Durante estos meses de verano el mar Mediterráneo está tranquilo. La tranquilidad de las aguas favorece el descanso de los turistas. Desgraciadamente, la calma del mar favorece también el tráfico de seres humanos. Lo último que sabemos de estos procedimientos muestra hasta dónde es capaz de llegar la maldad y el egoísmo humanos a la hora de comerciar con la carne humana. Esta carne que, según dicen algunos, Dios la ama, la admira y eso hasta el punto de que quiso asumirla. El ser completamente espiritual (porque si fuera carnal o material sería por necesidad limitado), amaba tanto la carne humana que, en el colmo de lo que humanamente hay que calificar de locura, quiso hacerse hombre.
Dejemos el discurso religioso y vayamos a la tragedia humana, que es más religiosa que el discurso. Sí, la tragedia humana, o sea, la tragedia de la imagen de Dios. No olvidemos que cualquier atentado contra su imagen es un atentado contra Dios mismo. Eso dijo, en varios de sus escritos, Juan Pablo II. Cuando uno se pregunta cómo se puede atentar contra Dios, la respuesta es: cuando se atenta contra su imagen, en la que Dios, de forma misteriosa, pero real, de forma sacramental, se hace presente. Sí, sí, presente de forma sacramental. Para los buenos entendedores.

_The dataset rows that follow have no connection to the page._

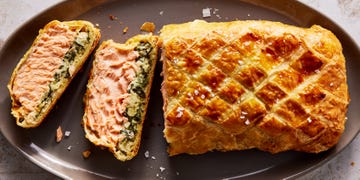 layers of salmon and cream spinach inside of puff pastry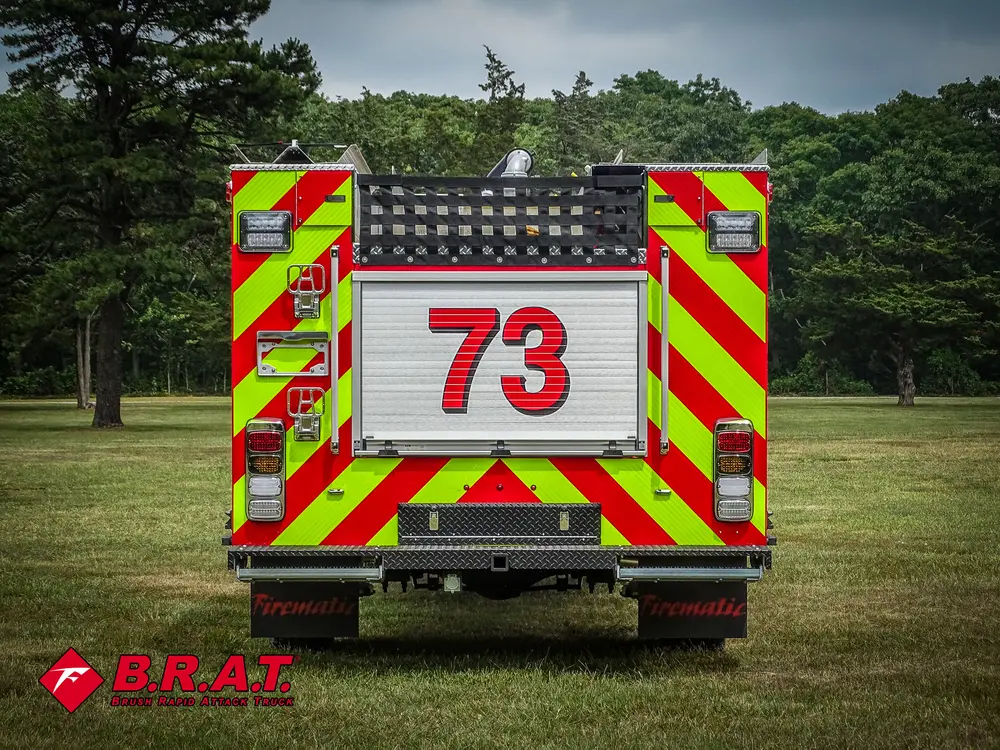 Straight rear view with chevron striping and large 73 panel.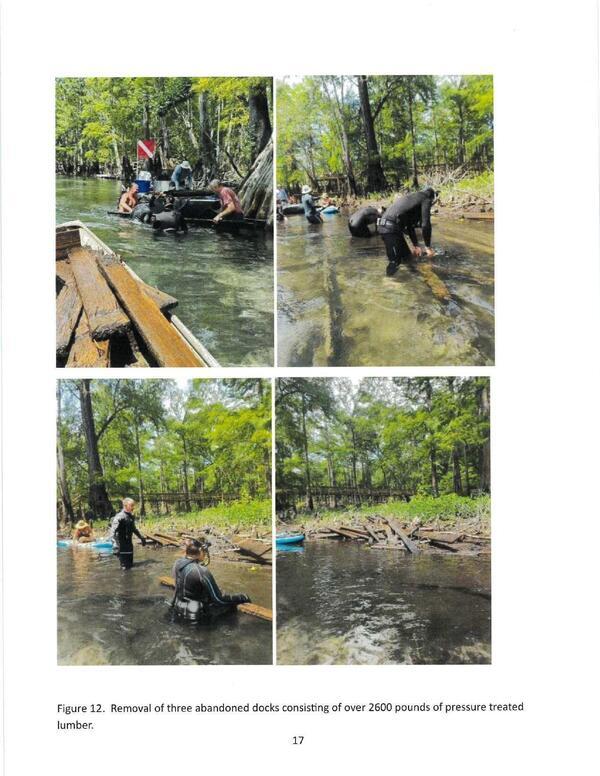 Figure 12. Removal of three abandoned docks consisting of over 2600 pounds of pressure treated lumber.
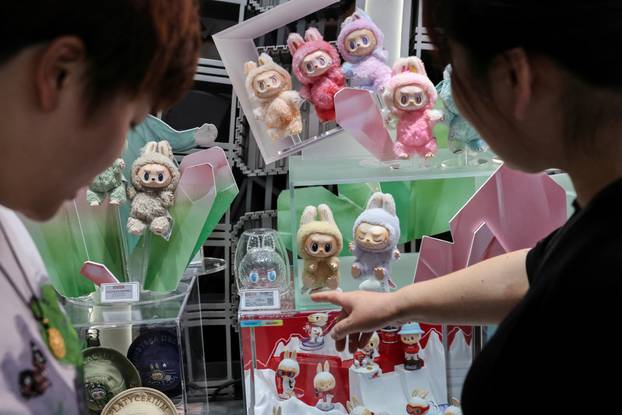 People look at Labubu dolls at the flagship store of Pop Mart in Shanghai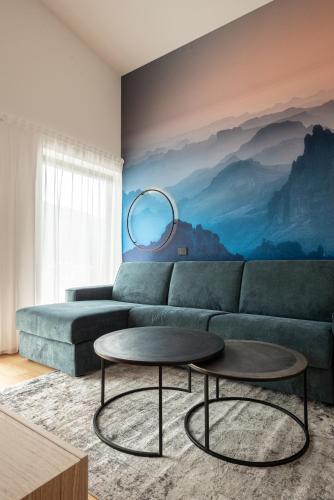 a living room with a couch and a table at Luxury Penthouse - Between Kronplatz, 3 Peaks Dolomites and Lake Prags in Monguelfo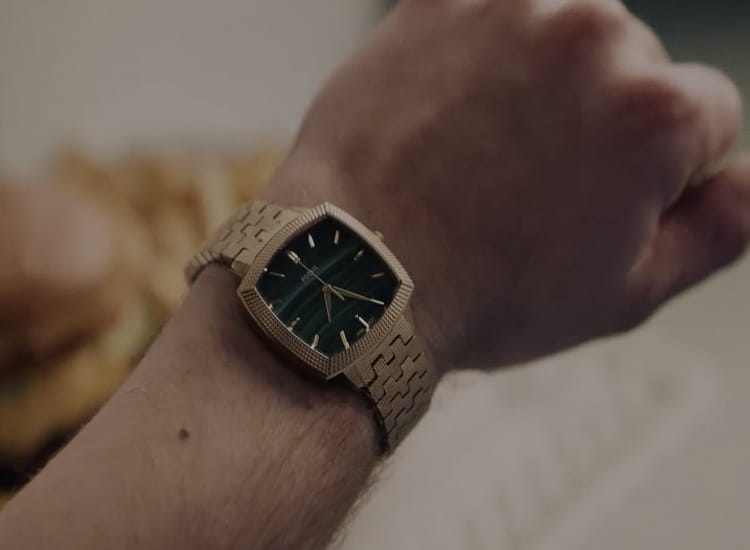 A close up of Nick's wrist featuring the stainless steel Machine Luxe watch with an aventurine dial.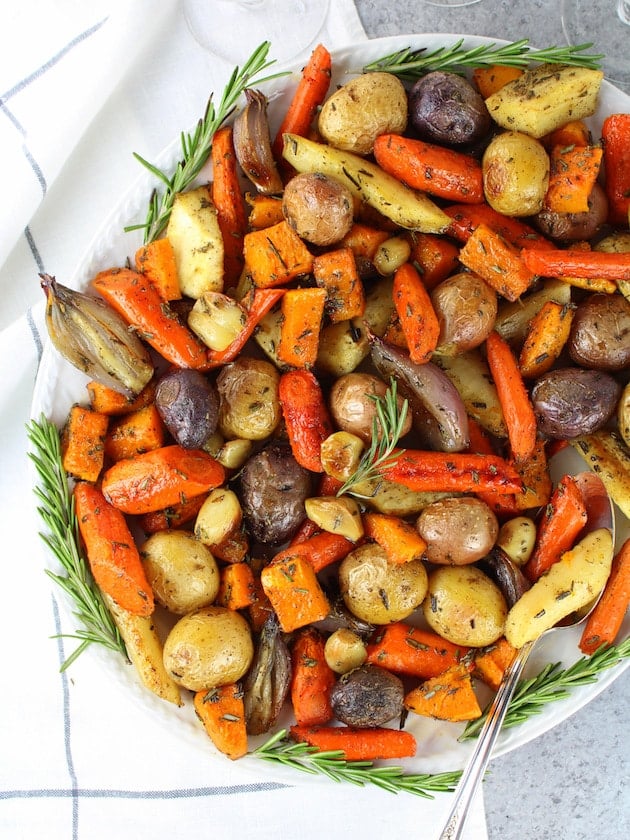 Lots of roasted root vegetables on platter.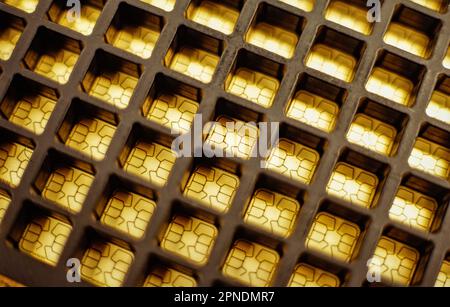Looking down on a tray of SIM card chips Stock Photo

Vuelvo a dejar el discurso religioso para regresar a la tragedia de los veranos en el mar Mediterráneo. La última muestra de la maldad humana es el modo de proceder de los traficantes de carne humana: cuando llegan a aguas internacionales, retiran el motor de la barcaza y la dejan a la deriva. Así el motor lo aprovechan para otras embarcaciones, ahorrando un dinero importante, porque para los capitalistas malvados, crueles y sin conciencia, como son los traficantes, cada dólar es importante. Las personas no lo son. Los dólares sí.

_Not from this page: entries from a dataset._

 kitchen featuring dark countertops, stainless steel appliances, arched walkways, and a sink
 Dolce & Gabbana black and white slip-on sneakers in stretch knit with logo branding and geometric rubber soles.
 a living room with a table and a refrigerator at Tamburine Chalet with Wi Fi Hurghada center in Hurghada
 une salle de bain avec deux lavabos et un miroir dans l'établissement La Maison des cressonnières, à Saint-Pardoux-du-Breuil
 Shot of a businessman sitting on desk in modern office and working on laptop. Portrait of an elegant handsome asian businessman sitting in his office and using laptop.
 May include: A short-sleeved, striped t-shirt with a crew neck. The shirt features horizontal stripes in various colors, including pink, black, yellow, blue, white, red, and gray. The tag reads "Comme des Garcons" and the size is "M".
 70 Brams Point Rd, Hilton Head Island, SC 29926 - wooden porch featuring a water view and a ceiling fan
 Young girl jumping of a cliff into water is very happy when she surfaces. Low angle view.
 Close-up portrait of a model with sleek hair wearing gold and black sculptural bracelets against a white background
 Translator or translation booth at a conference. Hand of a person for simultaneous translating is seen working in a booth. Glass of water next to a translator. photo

Más aún, los botes a la deriva, en el mejor de los casos, suelen ser vistos por militares españoles o italianos, o por barcos de ONGs. Entonces, en este caso favorable, la pobre gente del bote, abandona su precaria embarcación y sube a los barcos seguros. Los botes quedan sin gente en alta mar. Momento que también aprovechan los traficantes de carne para hacerse con el bote, y volver a reutilizarlo. Es un negocio redondo. El negocio del infierno, pero negocio.

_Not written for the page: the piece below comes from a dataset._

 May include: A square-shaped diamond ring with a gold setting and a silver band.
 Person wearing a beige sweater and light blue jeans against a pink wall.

No hemos acabado con el negocio infernal. En algún caso, cuando los botes de la muerte son avistados por los barcos militares, resulta que llevan algún muerto a bordo. En un caso, al menos, uno de los muertos lo fue porque el traficante de la muerte, el maldito traficante, le quitó la gorra con la que se protegía del sol. El asunto es tan sucio, que uno ya no tiene palabras para calificarlo.